[Statistics] Convergence of random variables

Convergence of random variables

Before we look into some remarkable theorems in Statistics, we should understand basic convergence concept of random variables.

Convergence in Probability

$\mathbf{Definition.}$ Convergence in Probability
Let \(\{ X_n \}\) be a sequence of random variables, and $X$ be a random variable defined on the same sample space. $X_n$ converges in probability to $X$ if

\[\begin{aligned} \forall \varepsilon > 0, \displaystyle \lim_{n \to \infty} P [ | X_n - X | \geq \varepsilon ] = 0 \text{ or, equivalently } \displaystyle \lim_{n \to \infty} P [ | X_n - X | < \varepsilon ] = 0 \end{aligned}\]

and denote by $X_n \overset{P}{\to} X$.

And, Weak Law of Large Numbers (W.L.L.N) states the convergence in probability of sample mean to true mean, which can be proved by Chebyshev’s inequality when the second moment is finite. (Actually, it remains valid as long as $\mathbb{E}[ | X | ]$ is finite, and we will see this later)

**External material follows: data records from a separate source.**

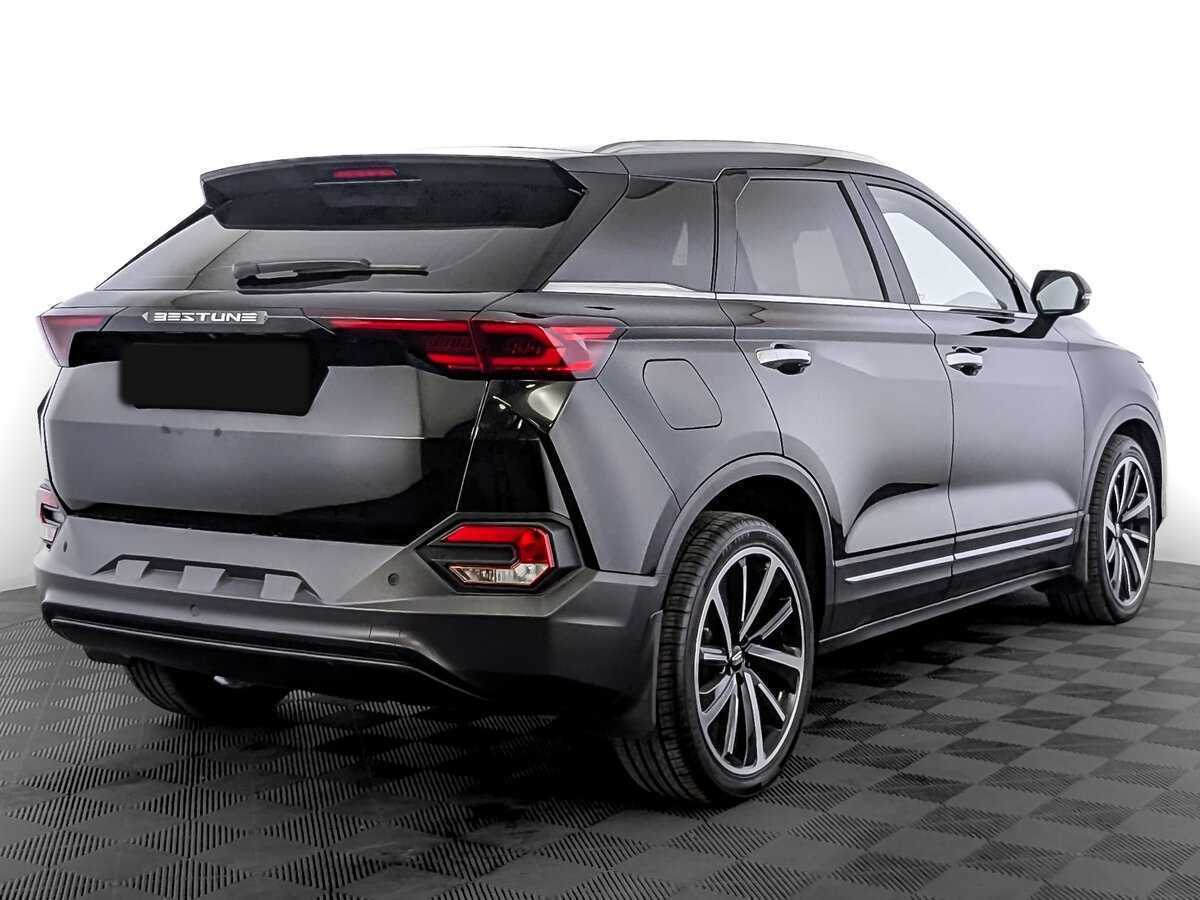 FAW Bestune T77 2022 года с пробегом. Фото: #3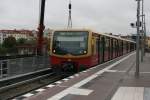 S41 Ringbahn ein Triebwagen der BR 481 beim Halt Bahnhof  Ostkreuz.17.10.09.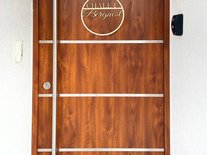 Der Eingang zum Chalet Bergnest ist Ihre persönliche Eintrittskarte zu einer sagenhaft schönen und barrierefreien Wohnung im Allgäu, Fischen, ganz in der Nähe von Obersdorf. Lassen Sie sich überraschen, was sich hinter dieser Tür „Chalet Bergnest“ verbirgt.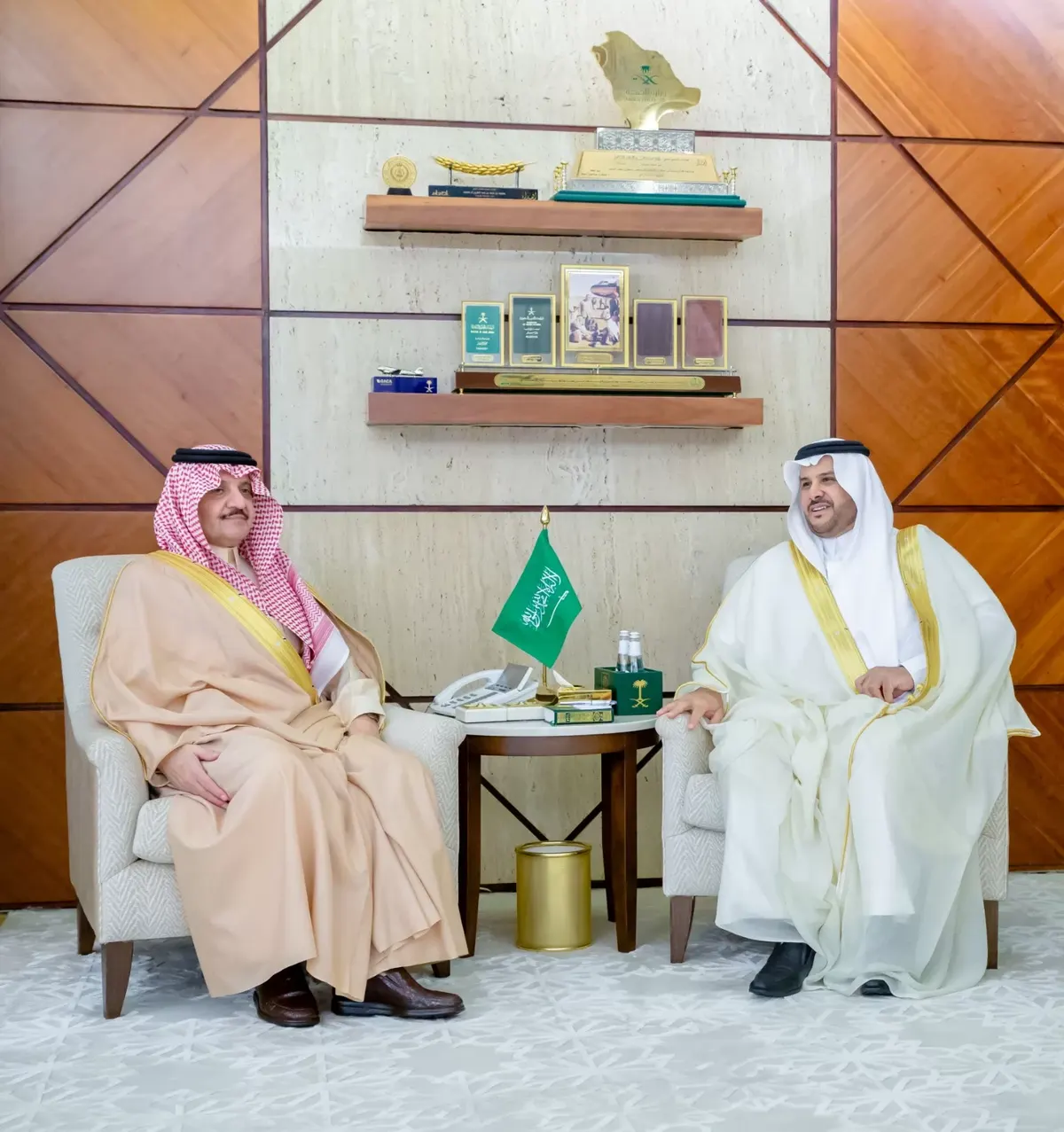 استقبله الأمير سعود.. “الحربي” رئيساً لجامعة حفر الباطن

$\mathbf{Thm\ 1.}$ Weak Law of Large Numbers

Suppose $X_1, \cdots, X_n$ be i.i.d. random variables with common $\mu$, and $\sigma < \infty$. Then

\[\begin{aligned} \bar{X}_n=\frac{1}{n} \sum_{i=1}^n X_i \overset{P}{\to} \mu \end{aligned}\]

$\mathbf{Proof.}$

\[\begin{align*} P\left[\left|\bar{X}_n-\mu\right| \geq \varepsilon\right]=P\left[\left|\bar{X}_n-\mu\right| \geq \frac{\varepsilon \sqrt{n}}{\sigma} \cdot \frac{\sigma}{\sqrt{n}}\right] \leq \frac{\sigma^2}{\varepsilon^2 n} \rightarrow 0 \text { as } n \rightarrow \infty \text {. } \end{align*}\]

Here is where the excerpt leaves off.